Capitalismo global busca um novo 'papado'
Passados cinco anos de implosão da ordem neoliberal, o sistema
capitalista está longe de dizer 'habemus papam'.
Entre a austeridade imposta à Europa e a liquidez contracíclica dos EUA, seus cardeais ora parecem hesitar, ora ganhar tempo.
Nesta 4ª feira (13), os dois lados da crise transatlântica convergiram para um meio fio que os elucida mais que todas as palavras e aparências.
A ideia é criar um grande 'nafta' europeu/norte-americano, 'equivalente à metade da produção mundial' (leia a reportagem de nosso correspondente em Londres, Marcelo Justo).
Labirínticos acordos de eliminação recíproca de tarifas e outras formas dissimuladas de protecionismo (legislações sanitárias, por exemplo) terão que ser vencidos para o desfecho da crise redundar nessa imensa 'pátria grande dos livres mercados'.
A bandeira motivacional é defender ambas as margens do avanço implacável da concorrência chinesa.
Do ponto de vista social significa algo do tipo: façamos com o emprego, a indústria, a agricultura e os serviços aquilo que a concorrência oriental faria de qualquer jeito.
O relevante nesse aceno do consistório conservador é o fato de dobrar a aposta na mesma lógica que jogou a humanidade na pior crise desde os anos 30.
O papel reservado a governos e Estados no processo é o de sempre. E estrito: desregular, desbastar, escalpelar direitos, abrir espaços ao livre fluxo dos capitais e negócios.
E seja o que Deus quiser.
O combustível da corrida são as inovações tecnológicas assadas em fogo alto nos laboratórios das corporações globais, que tem escala e capital para isso.
De novo: 'e seja o que Deus quiser'.
Externalidades como o custo adicional em pobreza e desigualdade, ademais da soberania dos povos, ficam a cargo do poder de ajuste e convencimento dos respectivos centuriões locais.

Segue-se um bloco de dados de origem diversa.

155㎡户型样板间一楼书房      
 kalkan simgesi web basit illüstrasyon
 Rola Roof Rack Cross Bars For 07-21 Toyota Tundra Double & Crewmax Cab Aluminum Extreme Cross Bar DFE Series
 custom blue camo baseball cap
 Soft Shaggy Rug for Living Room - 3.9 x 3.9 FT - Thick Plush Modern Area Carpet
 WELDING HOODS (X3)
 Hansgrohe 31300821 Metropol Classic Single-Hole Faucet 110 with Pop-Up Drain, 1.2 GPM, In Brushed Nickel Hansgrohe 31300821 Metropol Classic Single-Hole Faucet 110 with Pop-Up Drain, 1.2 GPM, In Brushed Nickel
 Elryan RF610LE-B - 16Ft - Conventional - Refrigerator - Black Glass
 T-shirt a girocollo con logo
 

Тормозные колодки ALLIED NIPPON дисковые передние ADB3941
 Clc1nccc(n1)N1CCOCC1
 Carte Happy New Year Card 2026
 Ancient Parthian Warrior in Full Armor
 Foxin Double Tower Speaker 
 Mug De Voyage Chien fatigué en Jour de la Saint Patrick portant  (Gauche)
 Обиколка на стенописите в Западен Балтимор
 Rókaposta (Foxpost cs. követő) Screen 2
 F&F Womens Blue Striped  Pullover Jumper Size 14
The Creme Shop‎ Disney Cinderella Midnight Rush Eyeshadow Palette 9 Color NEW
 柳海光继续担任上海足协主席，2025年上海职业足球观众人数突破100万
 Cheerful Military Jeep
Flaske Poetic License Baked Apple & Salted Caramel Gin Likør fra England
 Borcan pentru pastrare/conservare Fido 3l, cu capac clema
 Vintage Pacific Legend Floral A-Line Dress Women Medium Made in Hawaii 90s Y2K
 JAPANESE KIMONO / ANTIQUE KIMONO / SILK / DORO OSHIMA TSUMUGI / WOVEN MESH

Aécios Neves estão, como sempre estiveram, disponíveis nas mais remotas latitudes.
Sua caixa de ressonância midiática, idem.
Há poucos dias a banca europeia fechou a conta de seu desempenho em 2012: 55 mil demissões.
A pátria sem fronteiras dos acionistas aplaudiu.
Ajustes e aplausos equivalentes ocorrem em todas as áreas e nos diferentes pontos cardeais do planeta, mediante a exibição de números equivalentes.
A república dos dividendos gostaria que algo parecido acontecesse com a Petrobrás no Brasil. Cortes; redução drástica de conteúdo nacional nas encomendas; bombeamento maciço de óleo para exportação; zero de novas refinarias. E por aí afora.
Um feérico exercício de musculatura desse quilate está em marcha urbi et orbi.
Dele emergirá o novo papado. A nova ordem pós-crise.
Não a dos cardeais da austeridade europeia; nem a dos discursos bonitos do cardeal Obama.
A das corporações globais empenhadas em embalada disputa pela economia pós-crise.
O efeito em cadeia dessa recomposição global de massa muscular é imaginável.
Contrapor-se à modelagem unilateral do futuro requer alguns ingredientes estratégicos. Facilita muito dispor de um mercado interno de massa, assim como de uma base industrial capaz de competir por um naco do mercado do século 21.
A receita varia de nação a nação.
Mas nada acontecerá sem um requisito de desassombro político: restituir algum nível de comando do Estado sobre a economia e o mercado.
A extensão e o calibre dessa ordenação pública depende da equação política de cada sociedade
É o que o Brasil de Dilma, a Argentina, de Cristina, a Venezuela de Chávez e Maduro, a Bolívia e o Uruguai tentam implementar, de acordo com o acumulo de forças internas em cada caso.
Não é fácil.
Estados egressos de décadas de desmonte neoliberal não foram suficientemente regenerados.
Mesmo por que não se trata simplesmente de reeditar o estatismo autoritário.
É preciso ir além.
E criar espaços de socialização do planejamento público, como as conferências setoriais realizadas no governo Lula sinalizaram.
Na realidade concreta improvisa-se.
Da mão para a boca; na tentativa de manter a cabeça fora d'água. E resgatar alguma capacidade de comando sobre o destino.
Altos e baixos, avanços e hesitações formam a norma nessa corrida.
Um episódio resume todos os demais.
O governo Dilma acaba de redefinir a margem de retorno dos projetos de infraestrutura oferecidos à iniciativa privada.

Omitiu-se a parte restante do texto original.